▶ Task objective
Please give the lines below again exactly as they stand, from the one that contains "Aukcja sprzedaży 2014" up to and including the one that contains "Bild 12: BMW 420d xDrive Gran Coupe G26", leaving all pictures out.

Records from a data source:

════

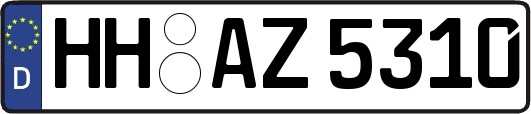 HH-AZ5310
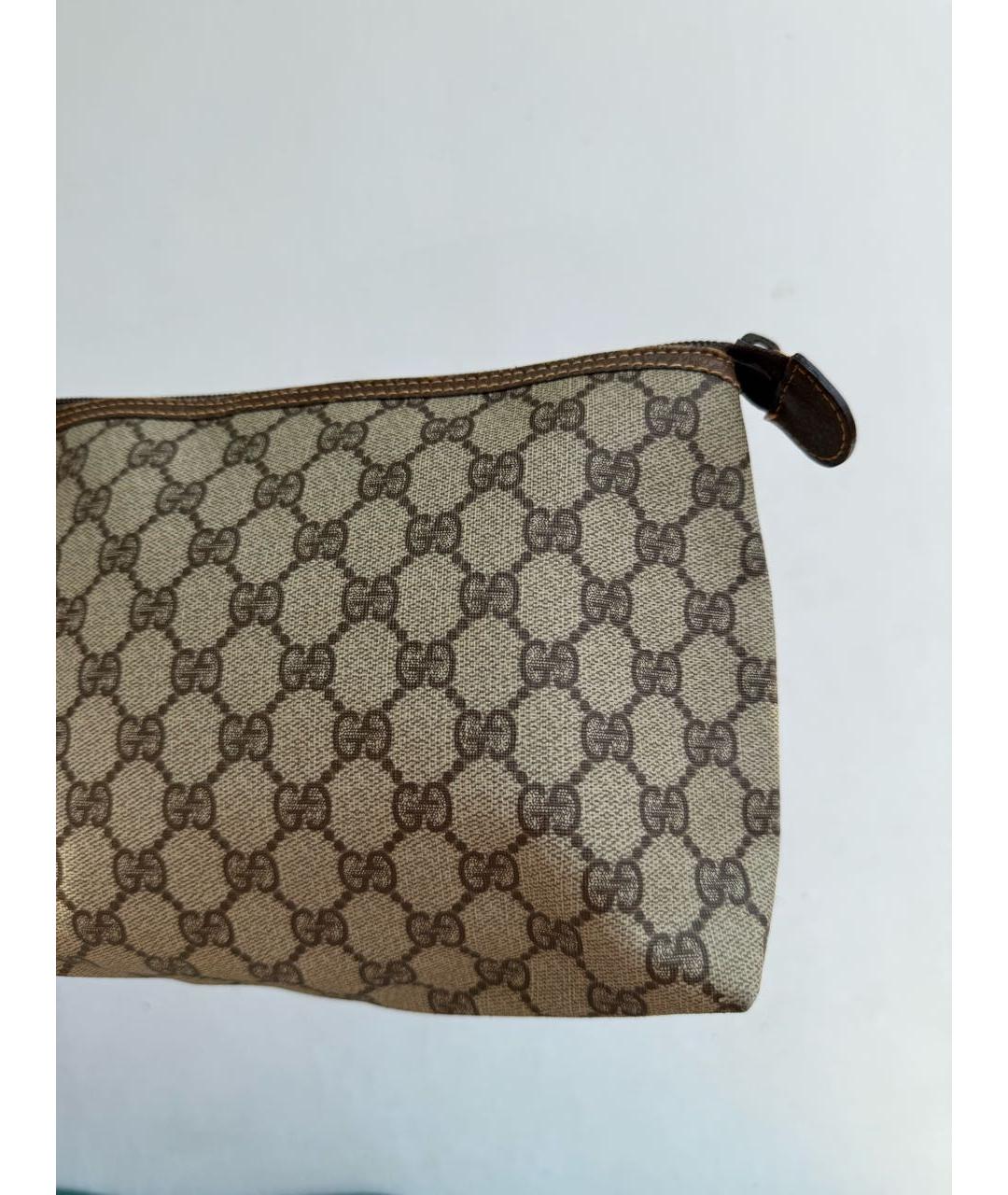 GUCCI Мульти сумка с короткими ручками, фото 6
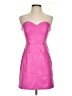 Pants Store Pink Cocktail Dress Size S - photo 1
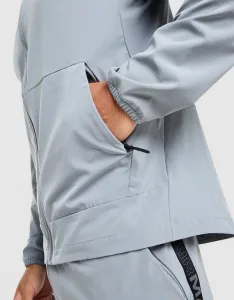 Nike Mikina S Kapucňou M Nsw Air Max Tc St Wvn Jkt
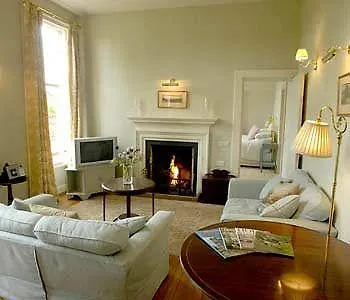 Bed and breakfast Warwick Hall Carlisle (Cumbria)
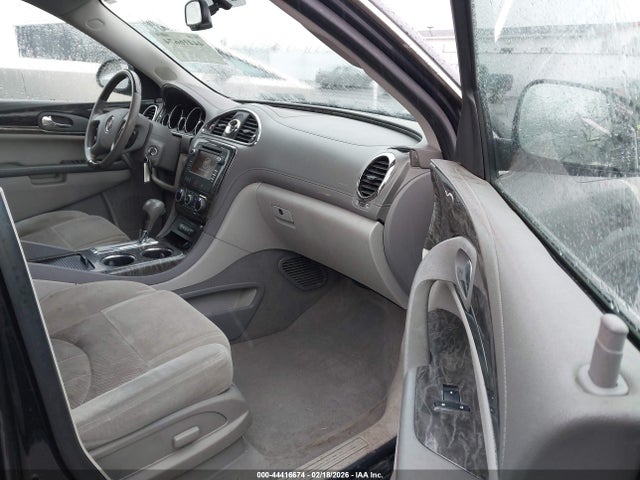 Aukcja sprzedaży 2014 Buick Enclave Convenience, vin: 5GAKRAKD0EJ180927, numer aukcji: 44416674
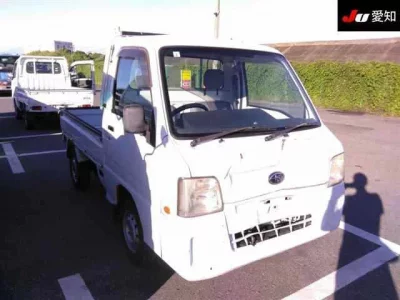 Subaru OTHER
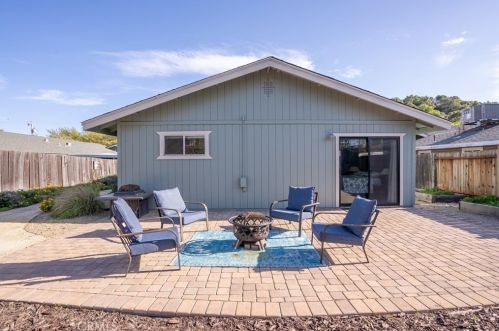 780 Salinas Ave, Templeton CA  93465-5071 exterior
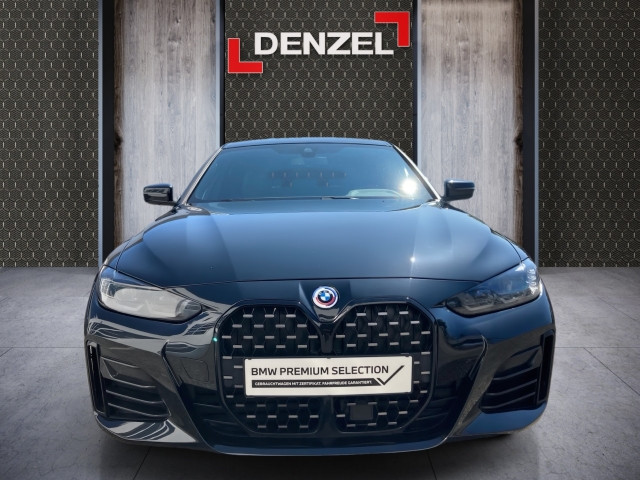 Bild 12: BMW 420d xDrive Gran Coupe G26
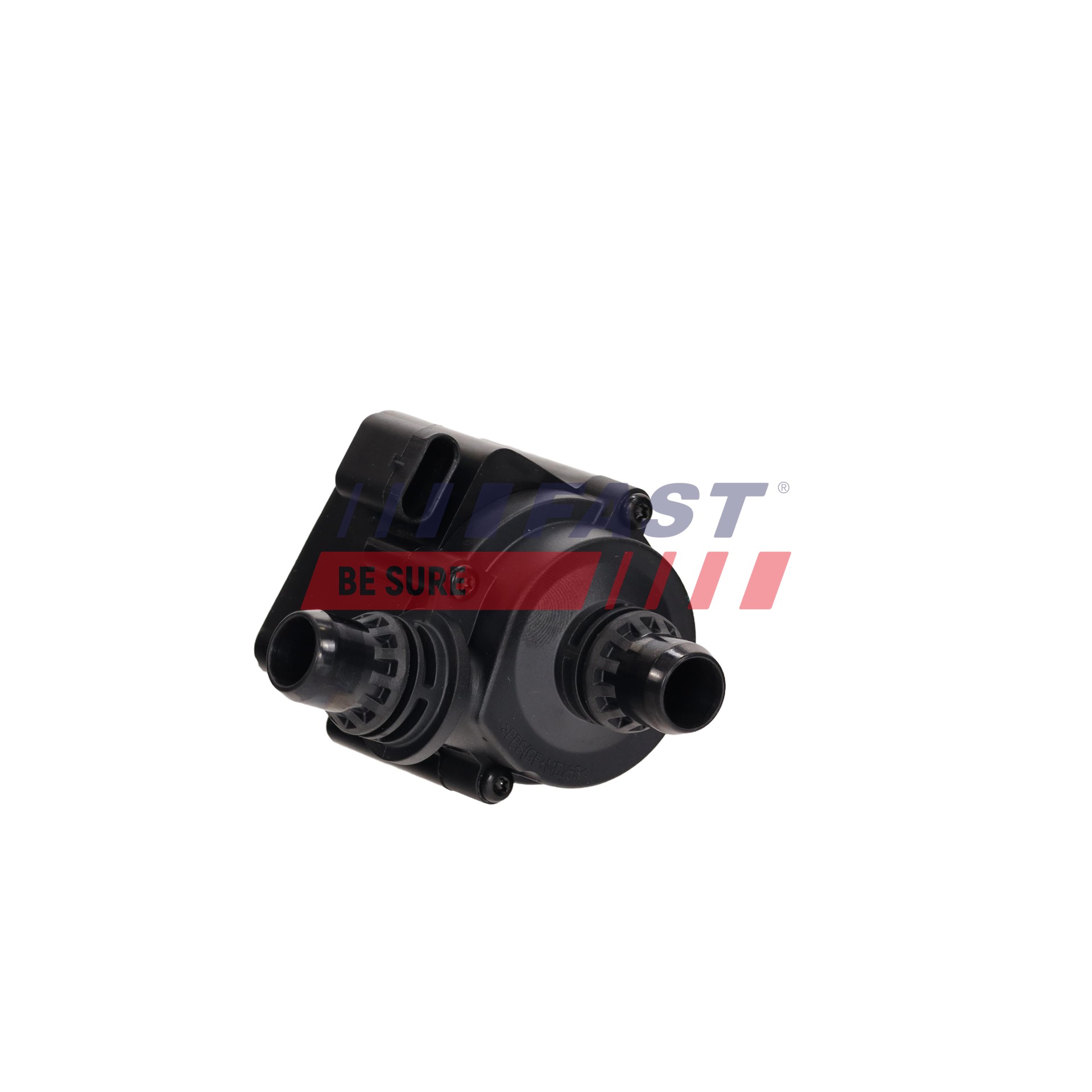 FAST FT03518 Ūdens recirkulācijas sūknis, autonomā apsildes sistēma BMW F25 xDrive20d 2.0 184 ZS Dīzelis cena
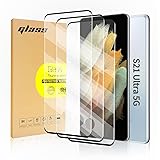 3 Pack Curved Tempered Glass Screen Protector
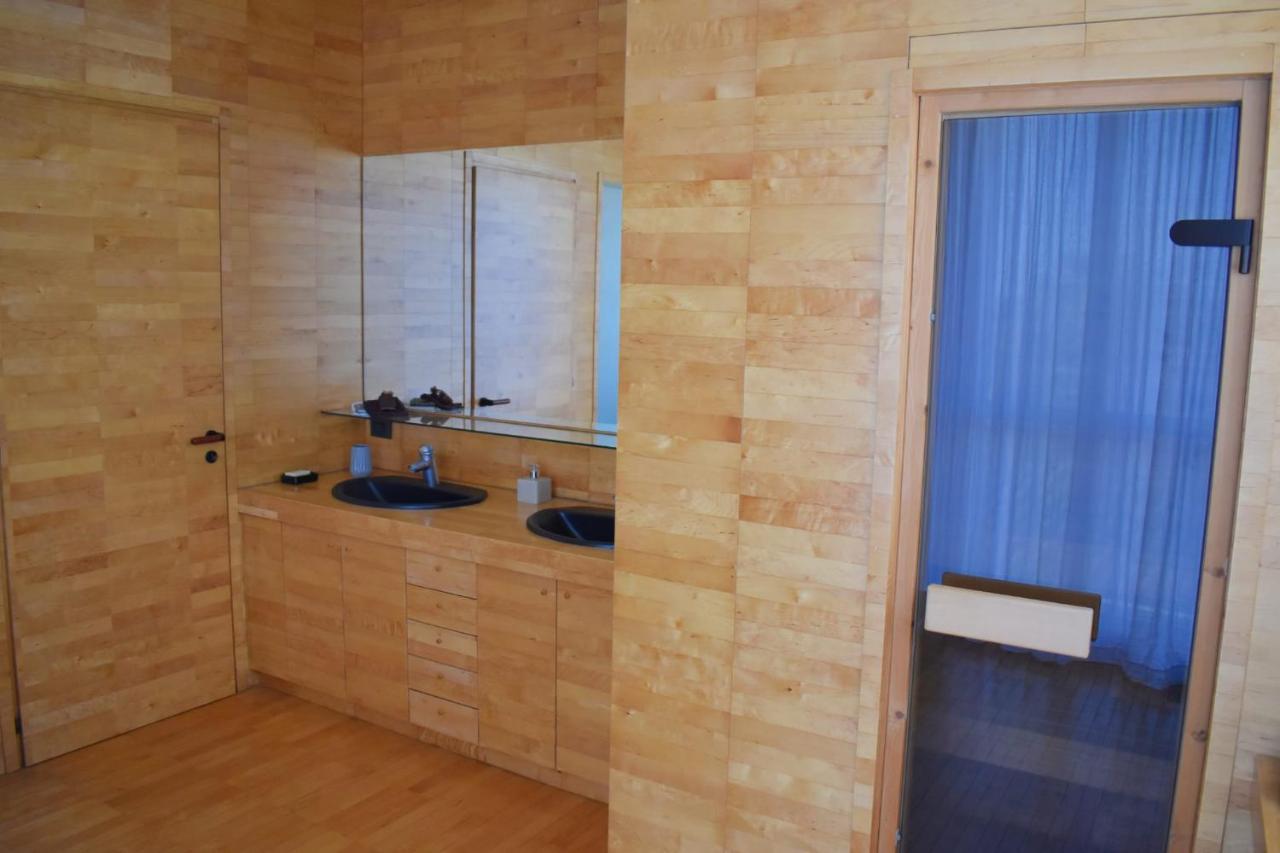 Casa Macina Apartment Castell'Alfero ภายนอก รูปภาพ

════

▶ Exercise output
 Aukcja sprzedaży 2014 Buick Enclave Convenience, vin: 5GAKRAKD0EJ180927, numer aukcji: 44416674
 Subaru OTHER
 780 Salinas Ave, Templeton CA  93465-5071 exterior
 Bild 12: BMW 420d xDrive Gran Coupe G26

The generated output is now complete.